Mexico | A Canadian among the victims, toll revised downwards to 45 dead

(Acapulco) A Canadian, an American and a Briton are among the dead of the hurricane Otis which ravaged Acapulco on the Pacific coast in western Mexico, authorities said Monday who revised the toll from 48 to 45 dead and 47 missing.



The three foreigners “were residents and not tourists in the port of Acapulco,” Guerrero state Governor Evelyn Salgado said during President Andres Manuel Lopez Obrador’s daily press conference.

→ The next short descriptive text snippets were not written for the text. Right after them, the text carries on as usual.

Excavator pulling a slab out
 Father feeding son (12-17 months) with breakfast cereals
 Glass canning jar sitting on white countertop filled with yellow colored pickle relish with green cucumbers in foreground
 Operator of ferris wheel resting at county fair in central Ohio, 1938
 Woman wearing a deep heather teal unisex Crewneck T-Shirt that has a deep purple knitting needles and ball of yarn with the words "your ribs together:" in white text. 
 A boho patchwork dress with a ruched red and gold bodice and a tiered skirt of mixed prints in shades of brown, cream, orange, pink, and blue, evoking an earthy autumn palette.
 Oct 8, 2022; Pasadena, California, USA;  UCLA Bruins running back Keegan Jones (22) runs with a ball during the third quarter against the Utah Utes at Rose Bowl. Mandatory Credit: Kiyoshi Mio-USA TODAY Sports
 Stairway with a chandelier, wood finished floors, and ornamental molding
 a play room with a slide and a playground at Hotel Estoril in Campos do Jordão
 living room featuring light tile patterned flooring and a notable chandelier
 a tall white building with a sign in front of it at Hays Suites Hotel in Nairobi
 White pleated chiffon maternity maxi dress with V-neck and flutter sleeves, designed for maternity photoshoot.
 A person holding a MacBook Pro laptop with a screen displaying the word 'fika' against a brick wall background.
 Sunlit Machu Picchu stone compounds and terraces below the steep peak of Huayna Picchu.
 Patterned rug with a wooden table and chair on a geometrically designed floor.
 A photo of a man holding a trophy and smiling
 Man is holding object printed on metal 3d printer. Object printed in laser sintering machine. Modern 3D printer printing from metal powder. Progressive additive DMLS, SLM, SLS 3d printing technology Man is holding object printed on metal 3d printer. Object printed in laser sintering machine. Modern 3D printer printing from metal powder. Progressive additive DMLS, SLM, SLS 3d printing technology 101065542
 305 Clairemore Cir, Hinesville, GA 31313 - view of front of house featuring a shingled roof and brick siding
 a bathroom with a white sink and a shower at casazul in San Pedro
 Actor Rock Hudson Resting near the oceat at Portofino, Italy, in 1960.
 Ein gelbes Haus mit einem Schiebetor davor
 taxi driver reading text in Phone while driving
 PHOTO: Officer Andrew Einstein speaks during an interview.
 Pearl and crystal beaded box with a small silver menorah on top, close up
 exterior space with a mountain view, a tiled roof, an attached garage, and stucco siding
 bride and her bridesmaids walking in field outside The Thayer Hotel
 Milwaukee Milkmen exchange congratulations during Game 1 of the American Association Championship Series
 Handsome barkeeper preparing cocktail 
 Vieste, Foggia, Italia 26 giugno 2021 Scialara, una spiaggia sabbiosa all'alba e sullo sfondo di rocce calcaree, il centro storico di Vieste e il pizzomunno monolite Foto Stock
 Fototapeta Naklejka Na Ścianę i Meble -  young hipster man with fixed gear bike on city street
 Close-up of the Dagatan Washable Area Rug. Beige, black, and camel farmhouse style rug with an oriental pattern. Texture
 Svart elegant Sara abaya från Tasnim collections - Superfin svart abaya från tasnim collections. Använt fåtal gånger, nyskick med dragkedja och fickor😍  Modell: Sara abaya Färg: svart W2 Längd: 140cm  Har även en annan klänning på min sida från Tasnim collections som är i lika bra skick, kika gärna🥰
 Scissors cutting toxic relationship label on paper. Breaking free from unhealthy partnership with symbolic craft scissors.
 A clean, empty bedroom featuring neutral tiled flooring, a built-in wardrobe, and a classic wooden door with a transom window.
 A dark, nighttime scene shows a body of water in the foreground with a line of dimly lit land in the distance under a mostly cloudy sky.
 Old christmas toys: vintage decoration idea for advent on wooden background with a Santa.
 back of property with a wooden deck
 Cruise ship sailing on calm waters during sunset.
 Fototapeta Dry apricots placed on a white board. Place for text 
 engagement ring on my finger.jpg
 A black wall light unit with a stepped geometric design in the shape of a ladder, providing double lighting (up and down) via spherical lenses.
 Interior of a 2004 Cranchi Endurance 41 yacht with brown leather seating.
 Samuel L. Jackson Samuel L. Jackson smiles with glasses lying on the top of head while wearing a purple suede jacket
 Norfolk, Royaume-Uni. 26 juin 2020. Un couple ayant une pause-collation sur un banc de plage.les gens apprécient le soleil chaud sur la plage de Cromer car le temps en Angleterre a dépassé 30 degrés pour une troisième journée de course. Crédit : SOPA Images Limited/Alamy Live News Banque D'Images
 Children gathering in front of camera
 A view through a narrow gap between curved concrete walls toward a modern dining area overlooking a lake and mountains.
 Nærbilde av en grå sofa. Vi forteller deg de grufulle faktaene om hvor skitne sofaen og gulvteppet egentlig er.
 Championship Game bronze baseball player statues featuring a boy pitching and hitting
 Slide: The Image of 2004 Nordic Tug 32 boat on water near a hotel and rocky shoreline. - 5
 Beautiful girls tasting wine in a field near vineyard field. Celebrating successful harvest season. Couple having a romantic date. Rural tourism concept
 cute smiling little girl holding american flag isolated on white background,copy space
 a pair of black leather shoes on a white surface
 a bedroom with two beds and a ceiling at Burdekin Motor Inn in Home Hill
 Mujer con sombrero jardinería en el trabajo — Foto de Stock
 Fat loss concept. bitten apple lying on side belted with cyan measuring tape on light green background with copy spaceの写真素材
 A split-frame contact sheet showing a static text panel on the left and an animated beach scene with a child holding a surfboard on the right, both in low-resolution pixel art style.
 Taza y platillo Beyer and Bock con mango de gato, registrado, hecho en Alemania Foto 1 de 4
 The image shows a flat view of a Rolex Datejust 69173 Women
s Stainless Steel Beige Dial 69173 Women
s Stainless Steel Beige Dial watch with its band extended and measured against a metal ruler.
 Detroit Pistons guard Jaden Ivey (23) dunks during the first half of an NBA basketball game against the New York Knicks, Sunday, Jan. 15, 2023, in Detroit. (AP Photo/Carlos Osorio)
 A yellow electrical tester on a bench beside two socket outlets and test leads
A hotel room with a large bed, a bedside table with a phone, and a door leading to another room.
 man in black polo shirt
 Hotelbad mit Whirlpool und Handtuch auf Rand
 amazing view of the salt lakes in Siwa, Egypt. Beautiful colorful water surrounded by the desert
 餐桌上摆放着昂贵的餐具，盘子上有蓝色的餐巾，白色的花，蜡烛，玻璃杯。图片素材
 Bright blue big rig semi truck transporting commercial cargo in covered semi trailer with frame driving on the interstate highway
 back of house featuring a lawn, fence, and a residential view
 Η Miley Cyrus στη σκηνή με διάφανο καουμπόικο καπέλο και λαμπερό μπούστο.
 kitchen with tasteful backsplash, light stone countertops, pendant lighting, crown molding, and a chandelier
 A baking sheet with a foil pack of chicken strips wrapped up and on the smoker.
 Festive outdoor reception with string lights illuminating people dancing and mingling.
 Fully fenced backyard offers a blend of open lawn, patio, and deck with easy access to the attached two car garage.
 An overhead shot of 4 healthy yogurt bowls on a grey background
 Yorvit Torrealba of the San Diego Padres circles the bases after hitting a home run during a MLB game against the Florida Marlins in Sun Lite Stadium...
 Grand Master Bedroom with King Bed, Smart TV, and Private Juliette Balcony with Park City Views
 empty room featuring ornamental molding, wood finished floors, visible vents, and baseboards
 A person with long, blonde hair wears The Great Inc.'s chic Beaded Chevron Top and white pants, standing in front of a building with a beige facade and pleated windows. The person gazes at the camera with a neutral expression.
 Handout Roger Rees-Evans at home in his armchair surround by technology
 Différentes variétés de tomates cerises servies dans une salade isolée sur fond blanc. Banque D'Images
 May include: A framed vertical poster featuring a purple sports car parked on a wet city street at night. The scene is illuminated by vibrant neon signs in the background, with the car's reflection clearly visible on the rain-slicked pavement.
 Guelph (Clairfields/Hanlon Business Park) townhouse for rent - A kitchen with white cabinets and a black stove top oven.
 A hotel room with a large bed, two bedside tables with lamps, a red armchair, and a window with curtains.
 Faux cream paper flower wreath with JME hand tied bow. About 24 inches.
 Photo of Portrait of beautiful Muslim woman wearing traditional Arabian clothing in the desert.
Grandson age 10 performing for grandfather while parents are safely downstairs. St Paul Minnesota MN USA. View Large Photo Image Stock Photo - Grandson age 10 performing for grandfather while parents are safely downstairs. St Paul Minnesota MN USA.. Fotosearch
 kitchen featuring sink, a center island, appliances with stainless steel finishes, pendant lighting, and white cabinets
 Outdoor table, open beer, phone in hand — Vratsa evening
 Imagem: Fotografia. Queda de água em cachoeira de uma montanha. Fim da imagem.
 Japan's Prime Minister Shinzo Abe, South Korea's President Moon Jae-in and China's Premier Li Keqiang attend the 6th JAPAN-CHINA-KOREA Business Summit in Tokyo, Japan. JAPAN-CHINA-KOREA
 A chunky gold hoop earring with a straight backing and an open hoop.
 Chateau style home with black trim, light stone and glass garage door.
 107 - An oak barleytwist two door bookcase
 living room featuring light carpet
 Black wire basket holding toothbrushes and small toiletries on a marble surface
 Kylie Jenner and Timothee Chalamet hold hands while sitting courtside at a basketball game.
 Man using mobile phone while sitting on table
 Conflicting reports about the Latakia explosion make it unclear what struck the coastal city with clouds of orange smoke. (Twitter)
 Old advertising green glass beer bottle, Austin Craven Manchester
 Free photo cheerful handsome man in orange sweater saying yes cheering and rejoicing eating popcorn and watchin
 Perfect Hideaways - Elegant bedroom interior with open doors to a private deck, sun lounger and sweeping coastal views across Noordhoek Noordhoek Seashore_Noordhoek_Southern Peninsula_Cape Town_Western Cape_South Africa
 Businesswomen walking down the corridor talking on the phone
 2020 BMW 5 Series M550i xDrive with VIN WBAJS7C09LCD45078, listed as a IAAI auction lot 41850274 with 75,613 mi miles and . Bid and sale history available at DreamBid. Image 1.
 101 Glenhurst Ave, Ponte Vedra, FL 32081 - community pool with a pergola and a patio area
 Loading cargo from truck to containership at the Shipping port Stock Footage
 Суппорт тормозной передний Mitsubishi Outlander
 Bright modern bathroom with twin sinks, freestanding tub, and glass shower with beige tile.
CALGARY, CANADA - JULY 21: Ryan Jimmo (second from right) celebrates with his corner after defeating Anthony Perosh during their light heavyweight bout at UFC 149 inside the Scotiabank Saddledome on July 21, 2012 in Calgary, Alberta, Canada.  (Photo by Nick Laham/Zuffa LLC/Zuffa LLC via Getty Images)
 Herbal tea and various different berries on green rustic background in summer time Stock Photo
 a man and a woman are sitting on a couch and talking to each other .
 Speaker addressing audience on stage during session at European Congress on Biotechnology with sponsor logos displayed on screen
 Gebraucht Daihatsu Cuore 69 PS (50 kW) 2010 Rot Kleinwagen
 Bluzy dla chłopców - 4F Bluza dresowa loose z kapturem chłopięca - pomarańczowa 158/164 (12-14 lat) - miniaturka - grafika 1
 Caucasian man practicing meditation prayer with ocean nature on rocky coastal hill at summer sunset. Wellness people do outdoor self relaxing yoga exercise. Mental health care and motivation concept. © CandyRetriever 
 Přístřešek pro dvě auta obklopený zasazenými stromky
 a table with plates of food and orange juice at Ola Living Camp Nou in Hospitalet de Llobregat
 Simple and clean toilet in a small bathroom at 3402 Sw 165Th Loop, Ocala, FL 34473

On Sunday, the Mexican Ministry of Foreign Affairs indicated that 263 foreigners were in the port at the time of the hurricane on Wednesday, including 34 Americans, 18 French and 17 Cubans.

The same governor contacted by telephone revised downwards the number of victims.

“We deplore so far – according to the preliminary report of the prosecution – 45 deaths and 47 people have not been located,” declared the governor.

This latest report contradicts a press release from the federal government on Sunday reporting 48 dead and six missing.

The Mexican navy was carrying out rescue and search operations for those missing at sea on Monday, noted an AFP correspondent photographer.

“The updating is constant. It is being done with the participation of the state prosecutor’s office (of Guerrero),” the president said.

As usual, he denounced the “manipulation” of most of the Mexican media, which he accuses of being at the orders of his political opponents to discredit him.

“They were like vultures looking for the dead,” he said of media representatives in Acapulco.

The president indicated that he had for his part “flew over” Acapulco on Sunday, where he went on Wednesday evening before returning to Mexico.

“We have been in distribution centers,” he said, detailing the relief operations.

Little aid – food and water – arrived in Acapulco on Monday, according to the AFP photographer.

“We are looking for food, pancakes, water, diapers, sanitary napkins, because no help has reached our colony (neighborhood),” testified a woman at the information site Animal politico, which does not mention its name.

The hurricane, with maximum force 5, hit the city early Wednesday morning, devastating the seaside resort of nearly 780,000 inhabitants, which lives mainly from tourism. Stores and supermarkets were also looted while waiting for help.

” It’s a disaster ”

Aid from the government and NGOs began to be distributed on Friday afternoon, after the reopening of the airport and the resumption of road traffic.

In the meantime, residents organized themselves by calling on the solidarity of neighbors to repair and clean up the damage.

“In terms of help, we haven’t seen anything from the authorities,” said Miguel Antraca, 60, who went to a beach to see his small business in ruins.

It has experienced cyclones before, but never of this magnitude. “It’s a disaster, it had never happened before, the hurricanes were smaller,” he says.

From a simple tropical storm, Otis strengthened into a maximum strength 5 hurricane in just six hours off the Pacific coast of Mexico. It made landfall with winds of 270 km/h, and gusts of more than 300 km/h.

The hurricane then weakened as it progressed into the hinterland. But heavy rains persisted in the states of Guerrero and Oaxaca, two of the poorest in the country.

The speed with which the hurricane formed did not give residents time to protect their businesses, homes and hotels, nor to stock up on water and food.

Eva Luz Vargas, 45, joined her neighbors to start picking up the debris. But this seller of products for tourists, married to a fisherman, is worried about the future.

“We want the government to help us because it’s really serious,” she said.

The federal government counted more than 273,000 homes, 600 hotels and 120 hotels having suffered more or less serious damage. In addition, 12 highways and roads remained blocked.

According to the consulting firm Enki Research, specializing in natural phenomena, Otis caused damage amounting to approximately $15 billion.